Exercise directions :: Reproduce every line of the data, exactly and without its pictures.

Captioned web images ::
_ _ _ _ _
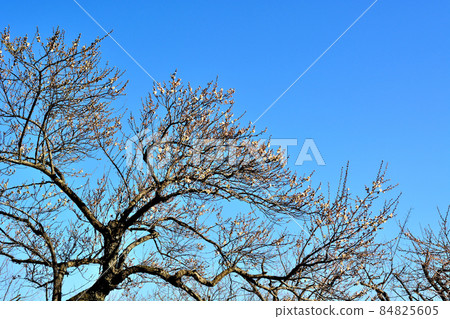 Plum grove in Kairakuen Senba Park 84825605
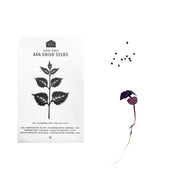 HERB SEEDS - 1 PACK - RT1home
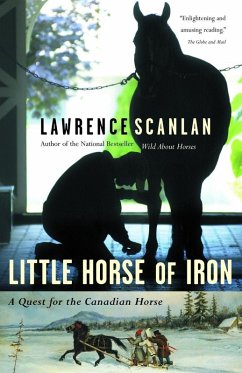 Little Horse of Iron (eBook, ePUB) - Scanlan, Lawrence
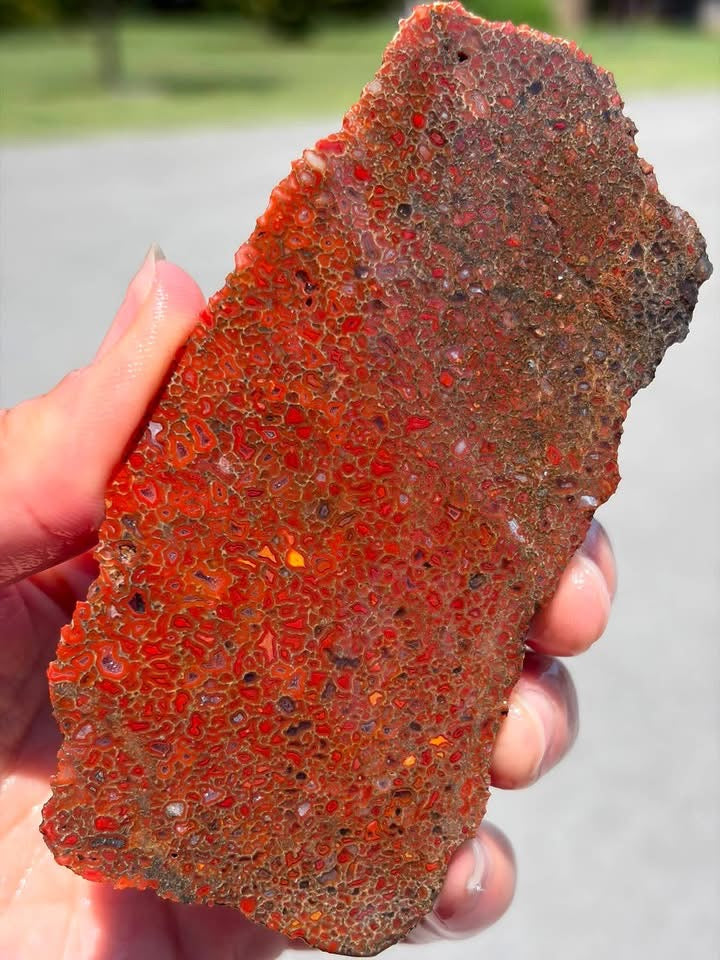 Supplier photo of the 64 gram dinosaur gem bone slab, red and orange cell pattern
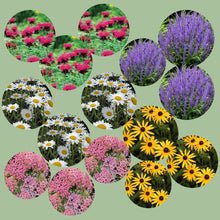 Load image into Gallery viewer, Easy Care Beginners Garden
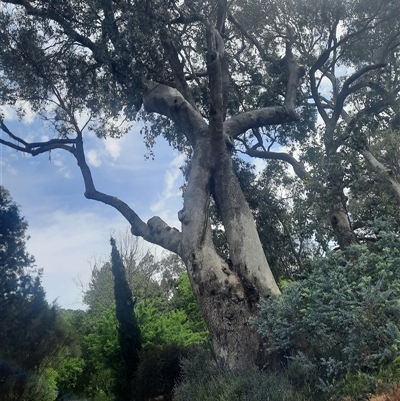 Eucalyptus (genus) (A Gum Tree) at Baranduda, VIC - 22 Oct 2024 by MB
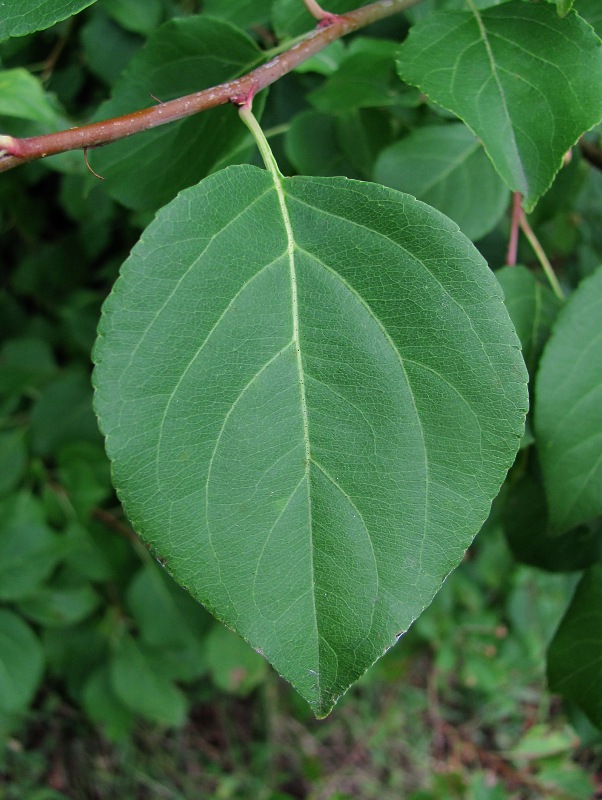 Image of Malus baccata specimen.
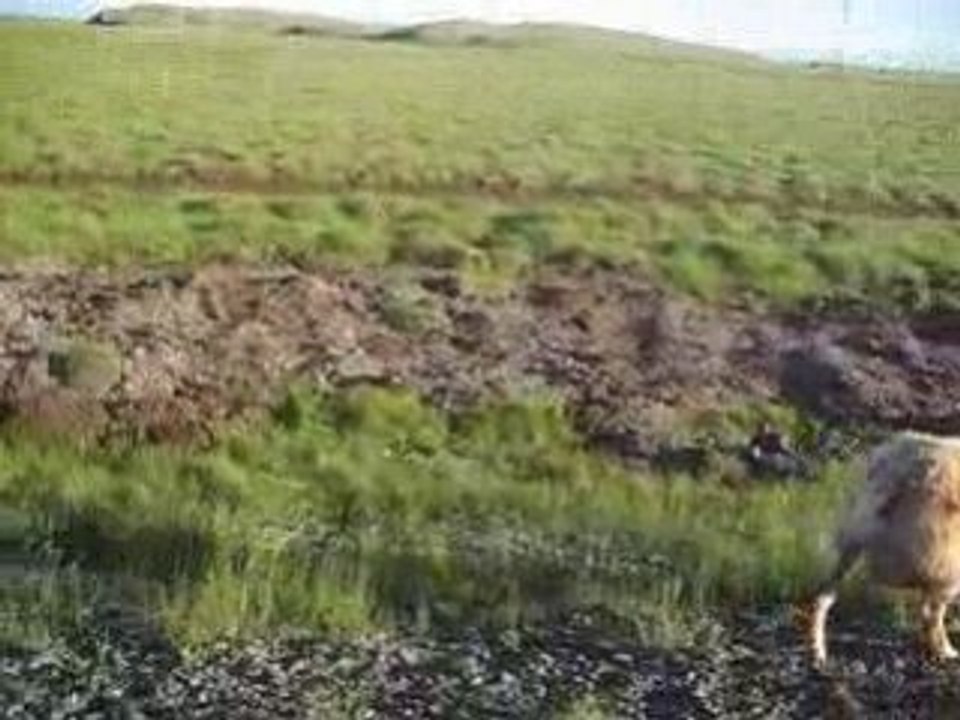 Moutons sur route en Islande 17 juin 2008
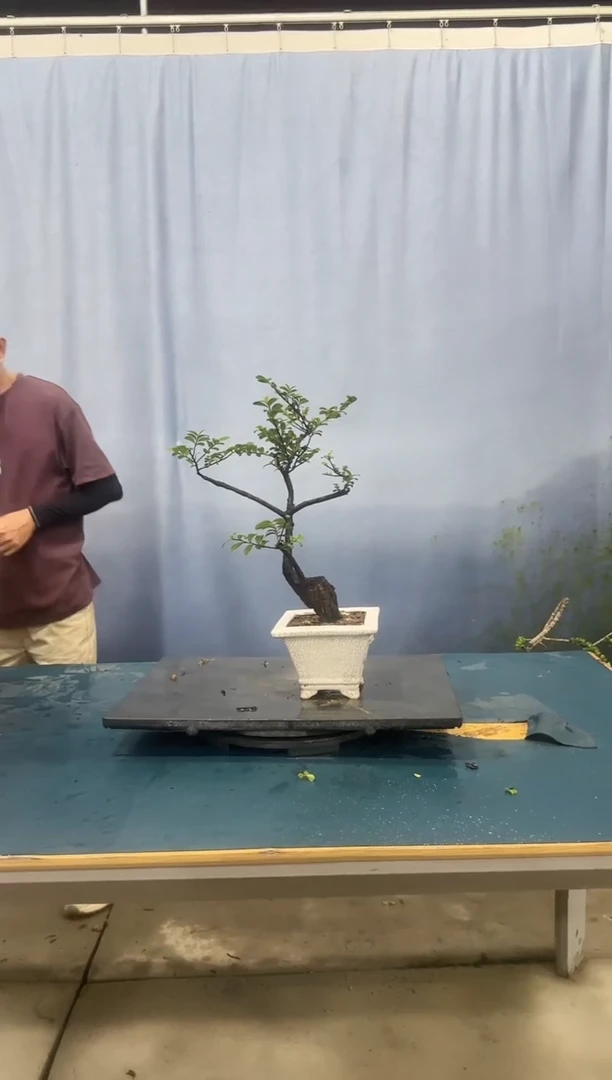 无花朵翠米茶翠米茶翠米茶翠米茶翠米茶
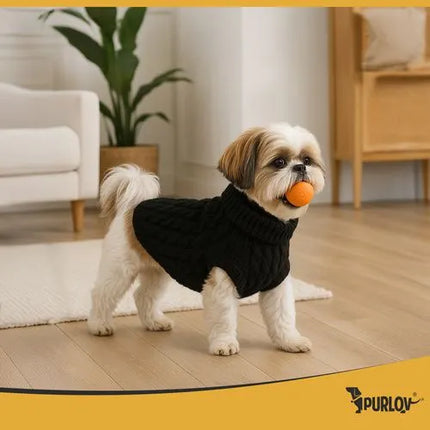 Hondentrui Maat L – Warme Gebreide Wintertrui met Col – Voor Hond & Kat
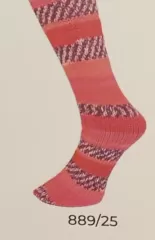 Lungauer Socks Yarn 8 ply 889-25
_ _ _ _ _
Expected answer ::
 Plum grove in Kairakuen Senba Park 84825605
 HERB SEEDS - 1 PACK - RT1home
 Little Horse of Iron (eBook, ePUB) - Scanlan, Lawrence
 Supplier photo of the 64 gram dinosaur gem bone slab, red and orange cell pattern
 Load image into Gallery viewer, Easy Care Beginners Garden
 Eucalyptus (genus) (A Gum Tree) at Baranduda, VIC - 22 Oct 2024 by MB
 Image of Malus baccata specimen.
 Moutons sur route en Islande 17 juin 2008
 无花朵翠米茶翠米茶翠米茶翠米茶翠米茶
 Hondentrui Maat L – Warme Gebreide Wintertrui met Col – Voor Hond & Kat
 Lungauer Socks Yarn 8 ply 889-25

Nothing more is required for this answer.